Records:

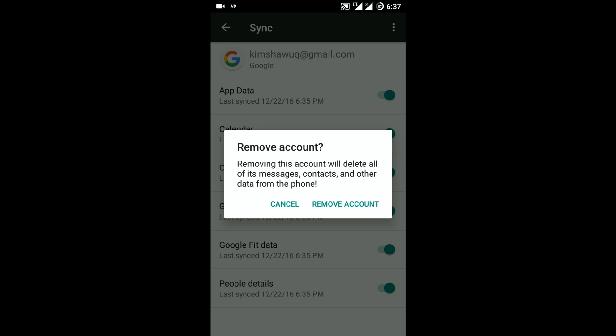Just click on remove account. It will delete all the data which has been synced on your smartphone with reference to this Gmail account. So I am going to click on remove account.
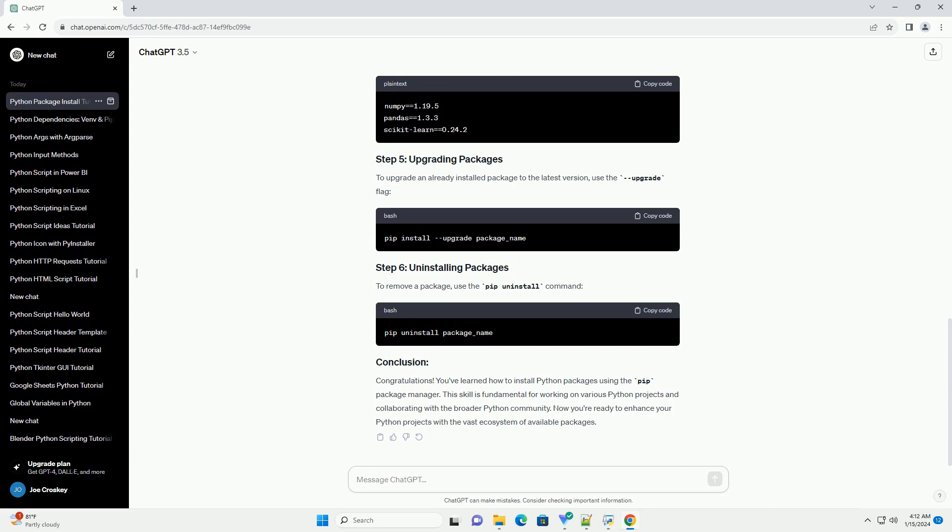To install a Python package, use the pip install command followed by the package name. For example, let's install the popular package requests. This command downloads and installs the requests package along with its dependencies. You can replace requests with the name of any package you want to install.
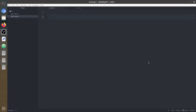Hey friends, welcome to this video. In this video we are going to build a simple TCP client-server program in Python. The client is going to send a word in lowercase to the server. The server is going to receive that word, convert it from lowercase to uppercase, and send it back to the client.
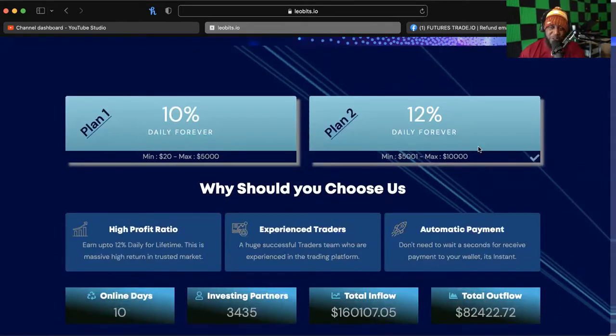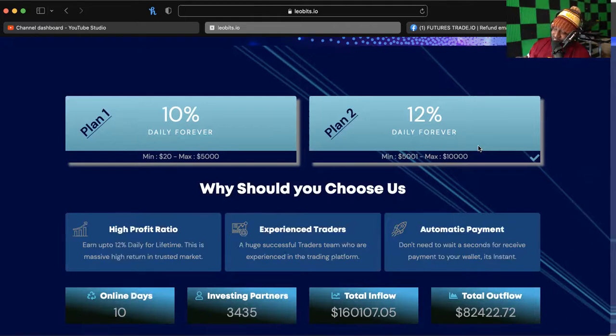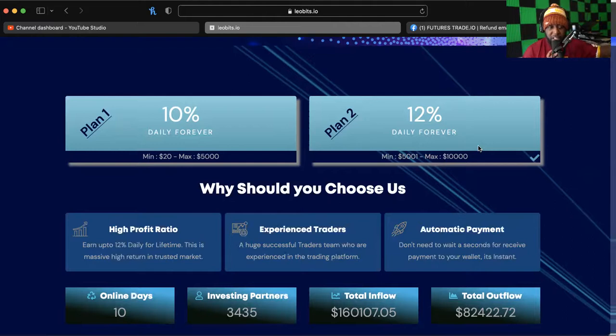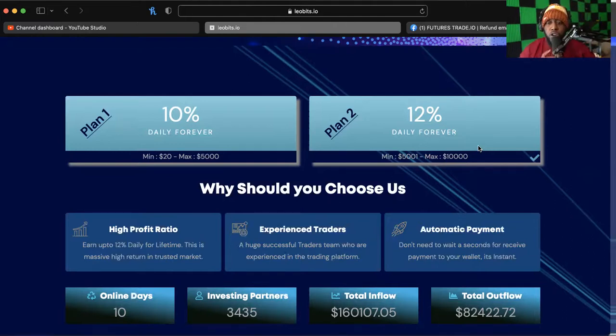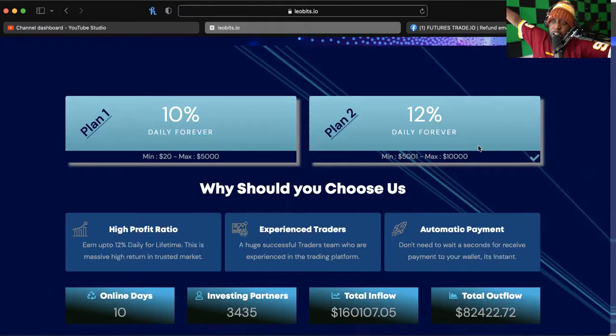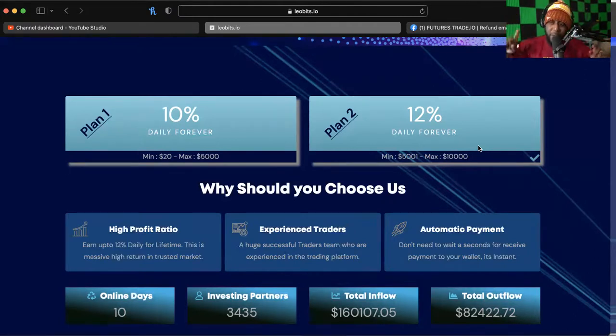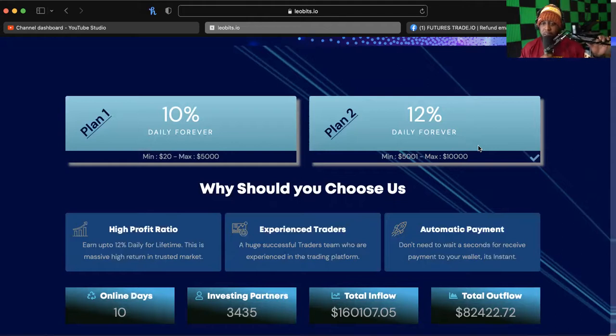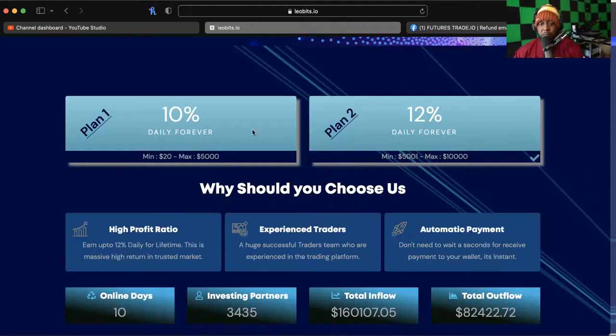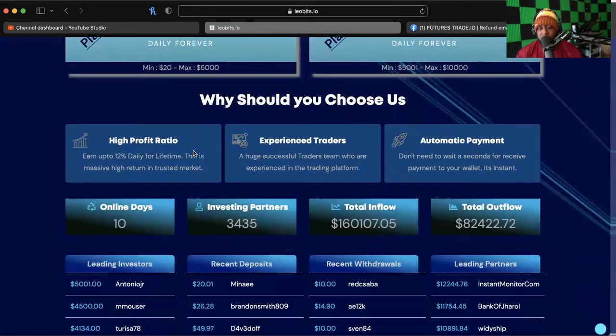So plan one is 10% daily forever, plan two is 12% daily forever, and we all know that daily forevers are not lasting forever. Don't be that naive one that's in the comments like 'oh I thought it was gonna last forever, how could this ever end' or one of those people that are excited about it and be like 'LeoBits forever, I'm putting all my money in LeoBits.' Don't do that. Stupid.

---

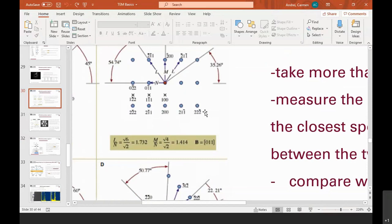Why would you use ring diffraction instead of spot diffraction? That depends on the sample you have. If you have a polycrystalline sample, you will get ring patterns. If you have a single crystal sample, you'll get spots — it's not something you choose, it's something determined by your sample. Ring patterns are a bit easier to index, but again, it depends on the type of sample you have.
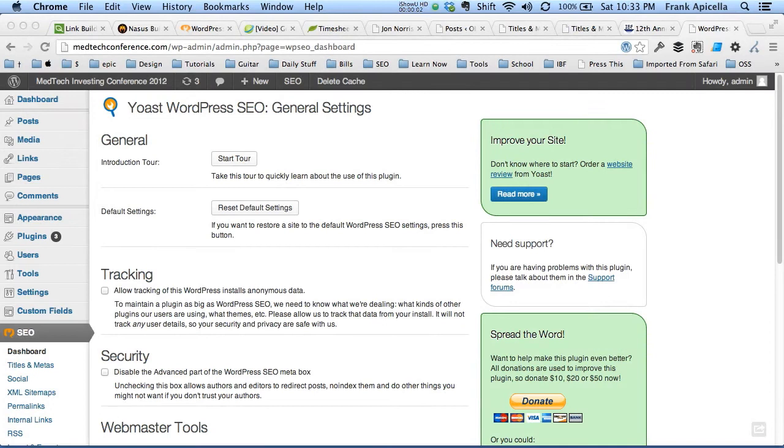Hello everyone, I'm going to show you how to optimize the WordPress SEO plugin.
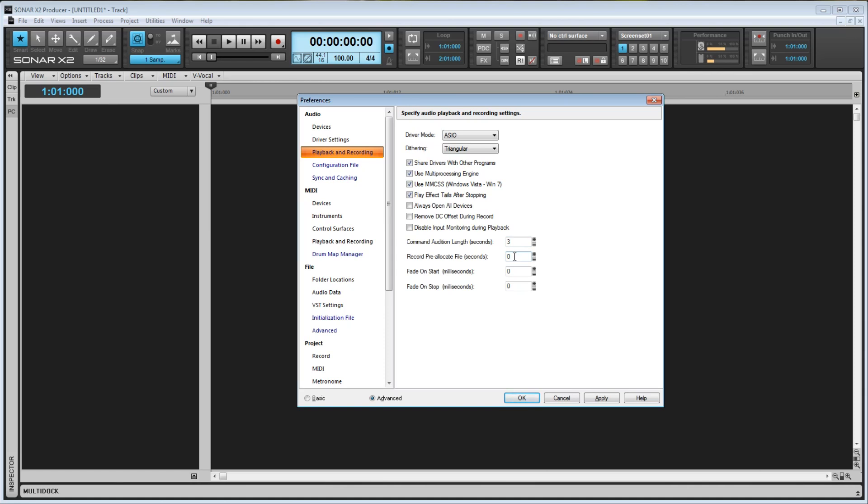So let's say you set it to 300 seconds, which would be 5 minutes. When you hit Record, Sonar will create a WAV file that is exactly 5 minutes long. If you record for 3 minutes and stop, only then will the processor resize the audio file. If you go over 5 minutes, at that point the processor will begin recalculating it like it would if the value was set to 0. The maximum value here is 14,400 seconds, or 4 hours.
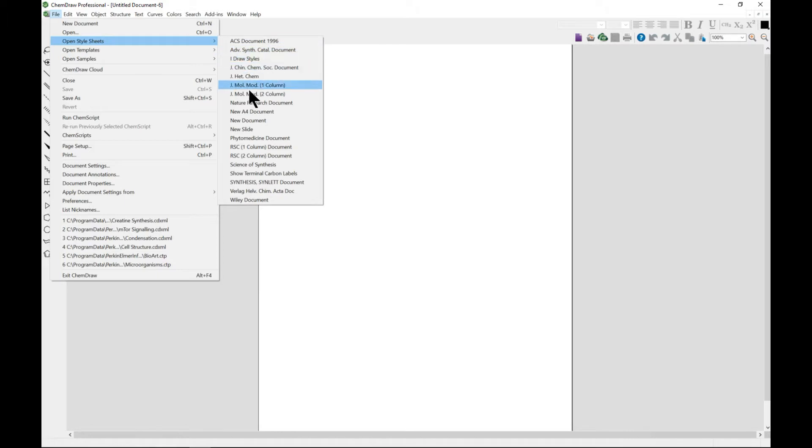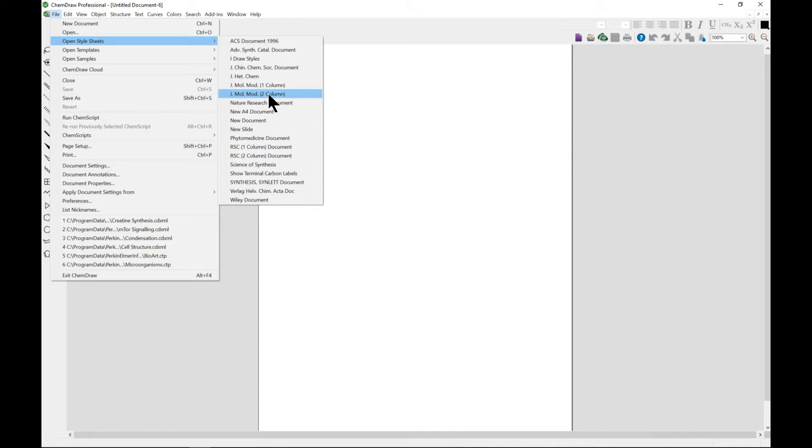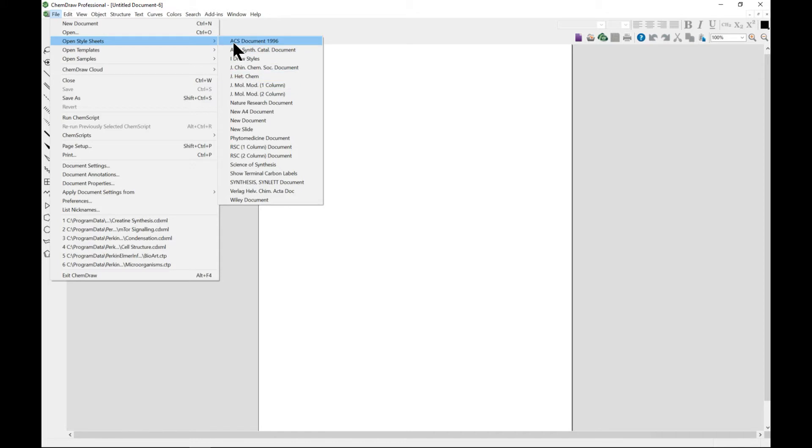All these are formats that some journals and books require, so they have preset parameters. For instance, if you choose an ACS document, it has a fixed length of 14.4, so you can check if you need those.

Work to be completed: Once the line with "Hello everyone, I'm" is found above, transcribe each line from it through the line with "All these are", exactly, and omit the pictures.

Exercise output:
Hello everyone, I'm going to show you how to optimize the WordPress SEO plugin.
So let's say you set it to 300 seconds, which would be 5 minutes. When you hit Record, Sonar will create a WAV file that is exactly 5 minutes long. If you record for 3 minutes and stop, only then will the processor resize the audio file. If you go over 5 minutes, at that point the processor will begin recalculating it like it would if the value was set to 0. The maximum value here is 14,400 seconds, or 4 hours.
All these are formats that some journals and books require, so they have preset parameters. For instance, if you choose an ACS document, it has a fixed length of 14.4, so you can check if you need those.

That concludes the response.